The baby hat has a long and storied history in the UK, and many parents have long preferred it to the traditional white and black headgear that most baby boys wear.
But a new survey by the National Head Start Trust (NHT) finds that more than half of parents (56%) believe a baby headdress can make the appearance of a child’s head “more appealing”.
It is this perception that has prompted a growing number of parents to make the decision to ditch the headgear altogether.
Ahead of the census in 2020, there was a 3% increase in headwear-related deaths in England and Wales from the previous year.
In the survey, a total of 1,542 headwear deaths occurred between October 1 and June 30, 2019.
Of these, 1,066 were recorded as suicides, while the other 439 were non-fatal.
It is worth noting that the NHT is not looking at the death of the person’s parents, so the figures may not include the deaths of other family members.
The survey found that one in five parents (20%) said they were unhappy with the way their child looked, and almost half (48%) were dissatisfied with their baby’s appearance.
More than half (56 per cent) said their baby boy was not happy.
This is not surprising, given that the child is expected to be independent at some stage in their life.
However, the Nht survey also found that the majority (70%) of parents felt that the “big picture” of their baby looked better than their baby girl.
There were also similar proportions of parents who felt their baby had a “good body type”, and those who thought they had “good intelligence”.

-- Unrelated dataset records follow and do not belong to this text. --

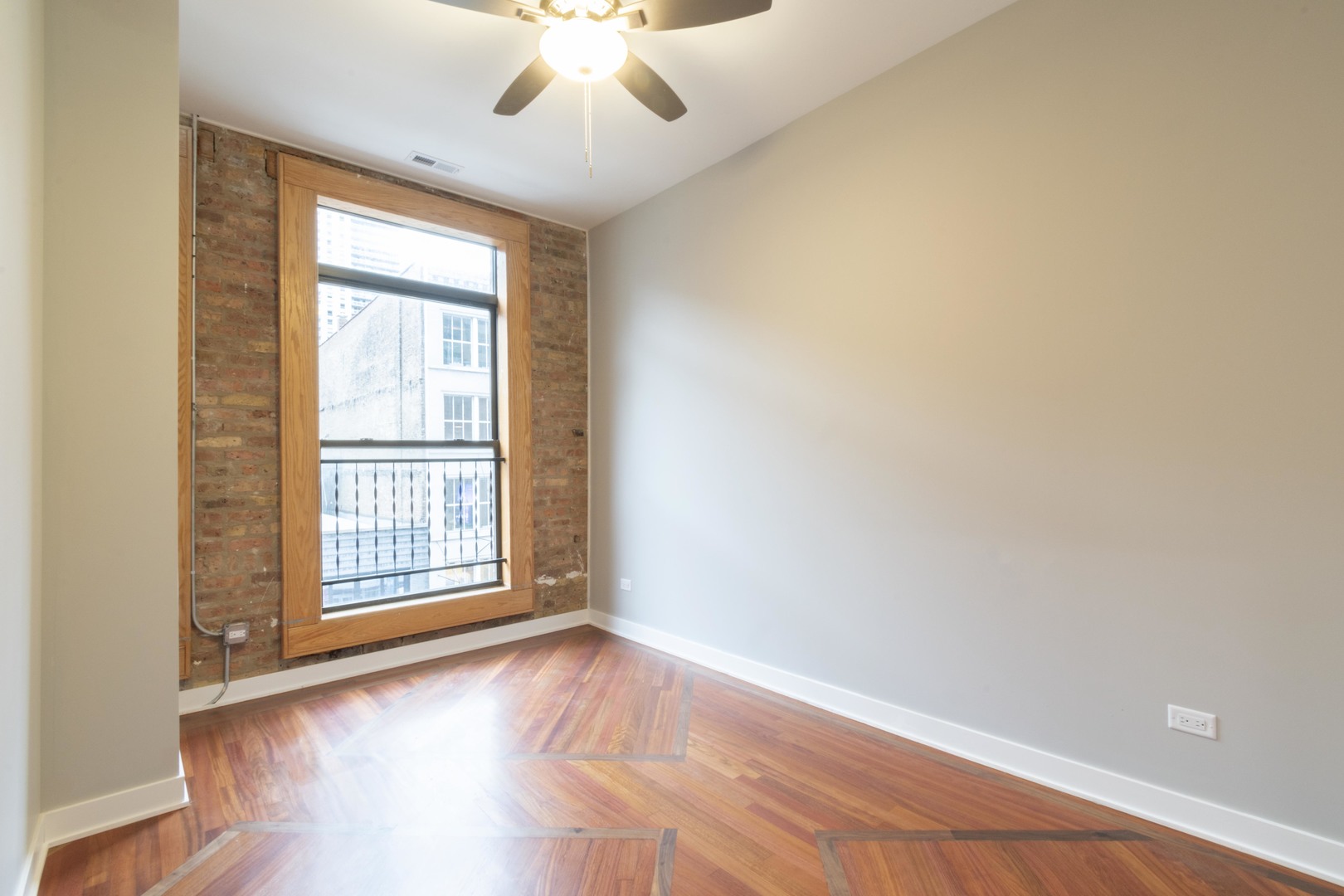 23 West Hubbard Street, Unit 4A Chicago, IL 60654 - Photo 5 of 8 an empty room with wooden floor and windows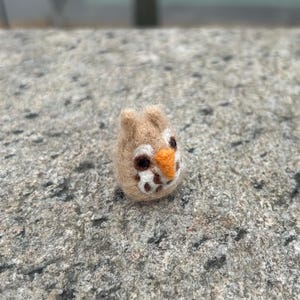 Puede incluir: Un pequeño búho de fieltro marrón y blanco con pico naranja y ojos negros.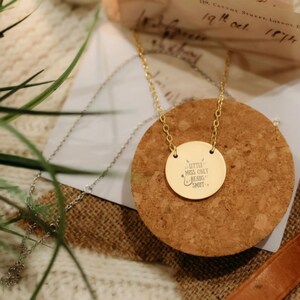 A gold-colored necklace with a round pendant featuring a message engraved on it, resting on a cork coaster.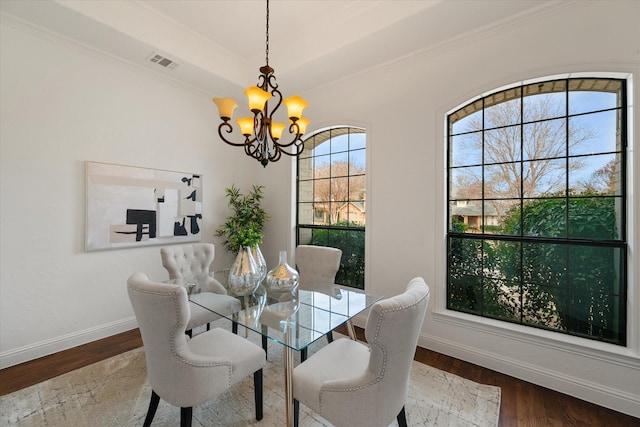 dining room with a notable chandelier, visible vents, ornamental molding, wood finished floors, and baseboards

One in five (18%) of the parents said their child was “very expressive” and they felt “emotionally stable”.
“Baby boys are often seen as a bit more mature than their female counterparts, and we believe this can be attributed to the fact that they are more likely to be breastfed,” said NHT founder Dr Mark Wainwright.
“We think that this has a direct effect on the look of their bodies, but also their appearance, which can make it harder for babies to develop the body they will need to be successful.”
The survey also revealed that there was “a perception of what an appropriate headdress for babies is in the culture”.
“We’re finding that a lot of parents have decided to drop the baby headband for the time being,” said Dr Wainright.
Headwear has also been linked to obesity, and a recent study by the University of Southampton found that babies who were wearing headbands were more likely than babies who did not wear them to be obese at around the age of two. “
As we’re looking at this in the census, we’re finding parents are more and more worried about what it will look like for their baby when they grow up, and this has been driving a lot more people to choose to ditch their baby headbands.”
Headwear has also been linked to obesity, and a recent study by the University of Southampton found that babies who were wearing headbands were more likely than babies who did not wear them to be obese at around the age of two.
Headgear can also make babies more sensitive to sounds, and research has shown that babies are more sensitive than adults to noise levels.
But despite this, a recent survey found parents were generally satisfied with the look and feel of their child’s hair.
More: Headwear can also be seen as being a way of “giving a child a sense of belonging” The NHT has teamed up with the Children’s Health and Social Care Network to conduct a headwear survey in which more than 10,000 parents are invited to fill in a questionnaire about their child and the changes they have made to their child in the last 12 months.
This will be followed by a detailed survey in June 2020 to collect responses from parents about their baby.